A hyperbolic hyperboloid design, a ruled surface developed from the hyperbolic function; the intrinsic strength in the hyperboloid design is similar to that of an eggshell in the surprisingly small wall thickness

==Early life==
He was born in Roermond. He was the son of Gerrit van Iterson and Aghate Henrietta van Woelderen. He attended the Delft University of Technology (Technische Universiteit Delft or TU Delft). In 1899 he gained a diploma in Engineering (ingenieursdiploma).

==Career==
In 1910 he began teaching at the technical high school in Delft. He became Director of the Dutch State Mines (DSM).

===Cooling towers===
He began work into the design of cooling towers. Previously, designs of cooling towers were more-or-less the same as chimneys, in octagonal planform. On 12 February 1915, the Dutch State Mines decided to build a new concrete cooling tower. This led to his work producing the hyperboloid design of cooling towers at the Staatsmijn Emma in 1918; the towers were demolished on 26 June 1985. This design of cooling towers was the world's first, and nearly all cooling towers now follow this hyperboloid design, with concrete structure.
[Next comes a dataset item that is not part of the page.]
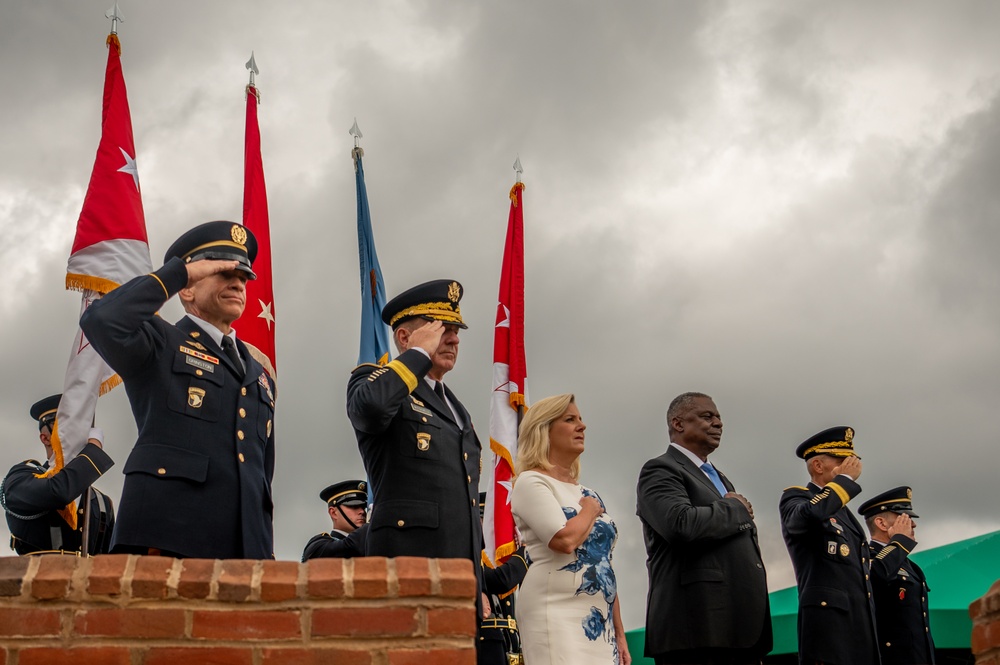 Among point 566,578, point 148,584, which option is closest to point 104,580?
point 148,584

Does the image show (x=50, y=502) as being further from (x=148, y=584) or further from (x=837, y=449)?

On 16 August 1916, he took out the UK patent (108,863) for Improved Construction of Cooling Towers of Reinforced Concrete; the patent was filed on 9 August 1917, and published on 11 April 1918.

The Emma coal mine, named after Emma of Waldeck and Pyrmont, was the second-largest in the Netherlands, with the Staatsmijn Maurits the largest. The Delft University of Technology still conducts much research on coal technology.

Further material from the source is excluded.